Now, from the external machine, let’s connect to the Redis server using 192.168.49.2 as a hostname, 30243 as a port number, and execute the PING command:
$ redis-cli -h 192.168.49.2 -p 30243 PING
PONG
Here, we can see that the Redis server responds with a PONG message.
4.3. Cleaning Up
In the next section, we’re going to see the usage of the LoadBalancer service. But before that, let’s do the cleanup of the NodePort service from the dev namespace:
$ kubectl delete svc redis-dev -n dev
service "redis-dev" deleted
5. Finding the URL of the LoadBalancer Service
Just like the NodePort service, the LoadBalancer service also allows external connectivity to the application using the load balancer’s IP address. To understand this, let’s create a LoadBalancer service:
5.1. Creating the LoadBalancer Service
Let’s use the expose command to create a LoadBalancer service in the dev namespace:
$ kubectl expose deploy redis-dev --port 6379 --type LoadBalancer -n dev
service/redis-dev exposed
5.2. Using the URL of the LoadBalancer Service
Next, let’s use the get command to find the load balancer’s IP address:
$ kubectl get svc -n dev
NAME TYPE CLUSTER-IP EXTERNAL-IP PORT(S) AGE
redis-dev LoadBalancer 10.111.167.249 192.168.49.10 6379:32637/TCP 7s
In this example, the column with the header EXTERNAL-IP represents the LoadBalancer service’s IP address.

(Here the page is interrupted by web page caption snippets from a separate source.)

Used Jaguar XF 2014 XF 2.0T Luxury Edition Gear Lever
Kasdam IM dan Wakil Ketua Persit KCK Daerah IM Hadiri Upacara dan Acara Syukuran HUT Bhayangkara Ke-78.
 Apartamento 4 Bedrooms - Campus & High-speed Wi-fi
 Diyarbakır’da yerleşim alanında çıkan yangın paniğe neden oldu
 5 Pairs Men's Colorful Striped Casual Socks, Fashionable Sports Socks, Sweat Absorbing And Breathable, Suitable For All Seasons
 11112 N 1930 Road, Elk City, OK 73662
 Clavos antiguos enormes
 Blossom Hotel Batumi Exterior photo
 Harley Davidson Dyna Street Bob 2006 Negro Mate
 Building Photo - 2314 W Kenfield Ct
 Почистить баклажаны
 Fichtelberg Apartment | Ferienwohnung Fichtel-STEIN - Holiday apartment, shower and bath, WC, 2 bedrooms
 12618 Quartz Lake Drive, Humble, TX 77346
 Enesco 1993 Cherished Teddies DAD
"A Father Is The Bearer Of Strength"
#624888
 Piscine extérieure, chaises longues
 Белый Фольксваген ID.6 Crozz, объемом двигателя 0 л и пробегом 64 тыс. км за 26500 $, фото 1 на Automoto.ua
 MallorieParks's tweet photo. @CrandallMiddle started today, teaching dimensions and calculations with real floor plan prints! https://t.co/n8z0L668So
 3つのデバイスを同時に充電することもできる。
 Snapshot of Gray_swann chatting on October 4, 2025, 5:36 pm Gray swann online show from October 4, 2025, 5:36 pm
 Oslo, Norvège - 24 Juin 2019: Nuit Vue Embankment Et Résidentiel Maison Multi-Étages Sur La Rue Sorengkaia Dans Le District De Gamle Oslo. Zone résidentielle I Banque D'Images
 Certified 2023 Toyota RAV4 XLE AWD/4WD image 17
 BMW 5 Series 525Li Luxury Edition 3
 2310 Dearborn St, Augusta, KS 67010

In our case, the load balancer’s IP address is 192.168.49.10.
Now, from the external machine, let’s connect to the Redis server using 192.168.49.10 as a hostname and execute the PING command:
$ redis-cli -h 192.168.49.10 PING
PONG
In the output, we can see that the Redis server replies with a PONG message.
6. Cleaning Up
Deleting all unwanted objects to tidy up the cluster is a good practice. This helps us in lowering our costs by reducing hardware consumption.
So, let’s use the delete command to remove the dev and stg namespaces:
$ kubectl delete ns dev
namespace "dev" deleted
$ kubectl delete ns stg
namespace "stg" deleted
This command deletes the namespace itself and all objects that are present in this namespace.
Here, we deleted namespaces directly, as this is the test setup. However, we should be very careful while performing delete operations in the production environment.
7. Conclusion
In this article, we discussed how to find and use the URL of a service in Kubernetes.
First, we saw how to use the ClusterIP service name as a URL from the same and another namespace. Then, we discussed how to find and use the URL of the NodePort service.
Finally, we discussed using the load balancer’s IP address as a service URL.